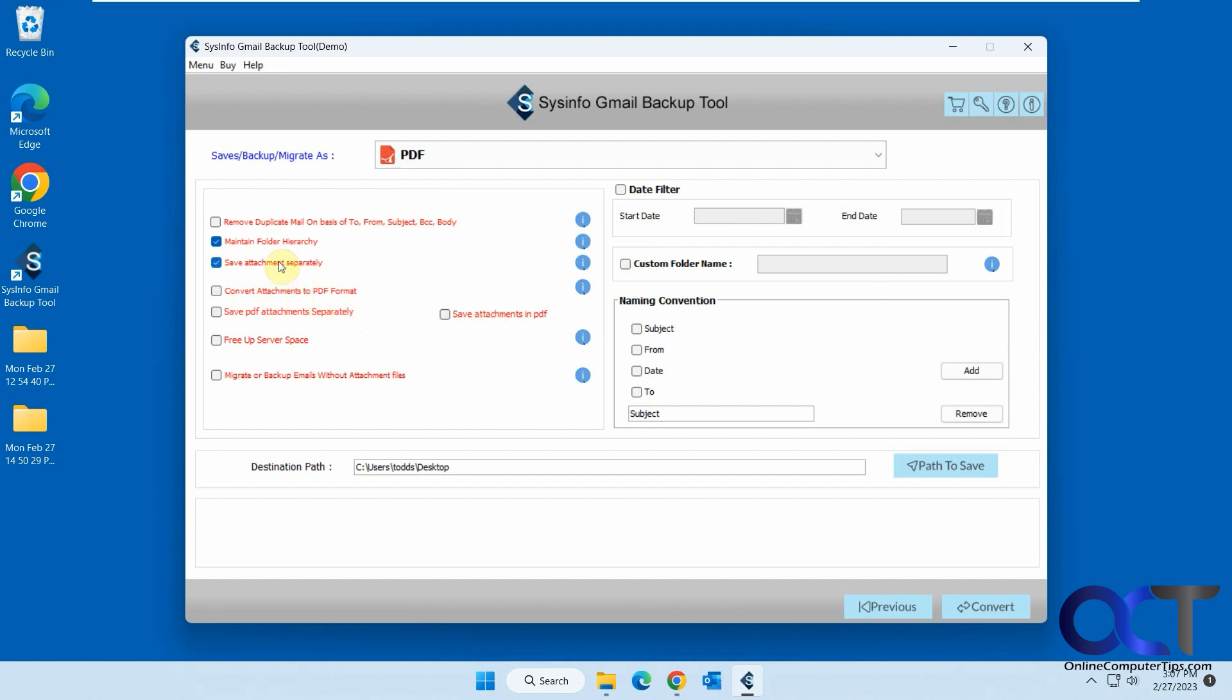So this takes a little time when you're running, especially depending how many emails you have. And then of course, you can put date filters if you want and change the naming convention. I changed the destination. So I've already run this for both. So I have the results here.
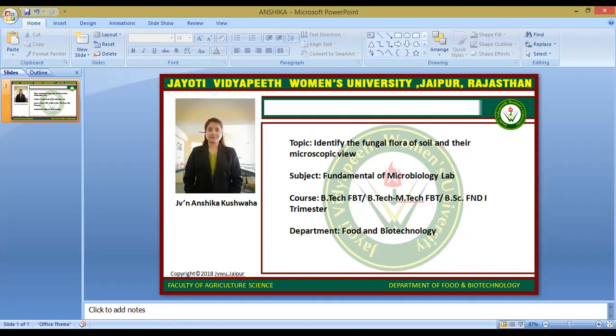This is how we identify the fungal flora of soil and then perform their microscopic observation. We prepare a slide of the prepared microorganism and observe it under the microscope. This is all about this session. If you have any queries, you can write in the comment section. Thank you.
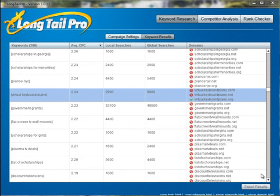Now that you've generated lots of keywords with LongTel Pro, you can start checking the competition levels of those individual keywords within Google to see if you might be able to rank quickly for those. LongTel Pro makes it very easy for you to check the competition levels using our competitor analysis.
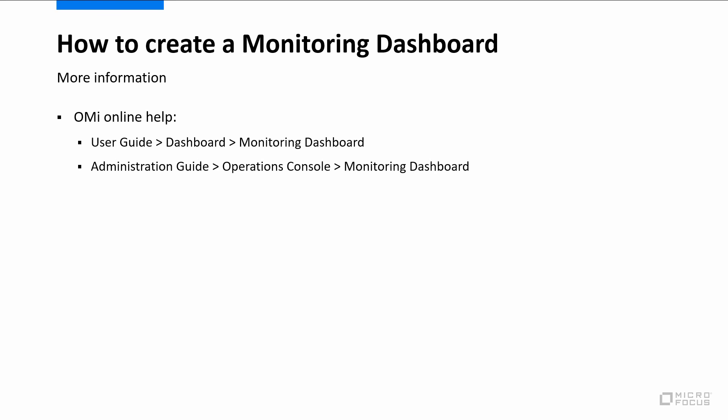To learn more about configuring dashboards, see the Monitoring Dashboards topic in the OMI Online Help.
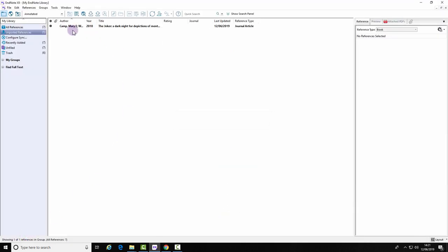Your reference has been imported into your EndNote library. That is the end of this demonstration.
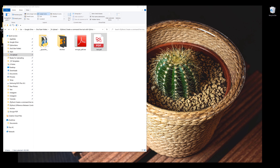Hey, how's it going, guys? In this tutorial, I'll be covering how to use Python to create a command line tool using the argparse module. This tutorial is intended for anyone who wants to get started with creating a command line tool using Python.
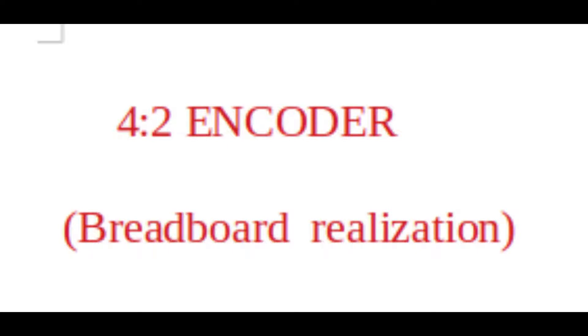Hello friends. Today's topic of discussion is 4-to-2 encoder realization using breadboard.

Task statement:
From the line that holds "Your reference has" down to the last line of the material above, every line is to be copied exactly, both ends included; pictures are to be omitted.

Response to the task:
Your reference has been imported into your EndNote library. That is the end of this demonstration.
Hey, how's it going, guys? In this tutorial, I'll be covering how to use Python to create a command line tool using the argparse module. This tutorial is intended for anyone who wants to get started with creating a command line tool using Python.
Hello friends. Today's topic of discussion is 4-to-2 encoder realization using breadboard.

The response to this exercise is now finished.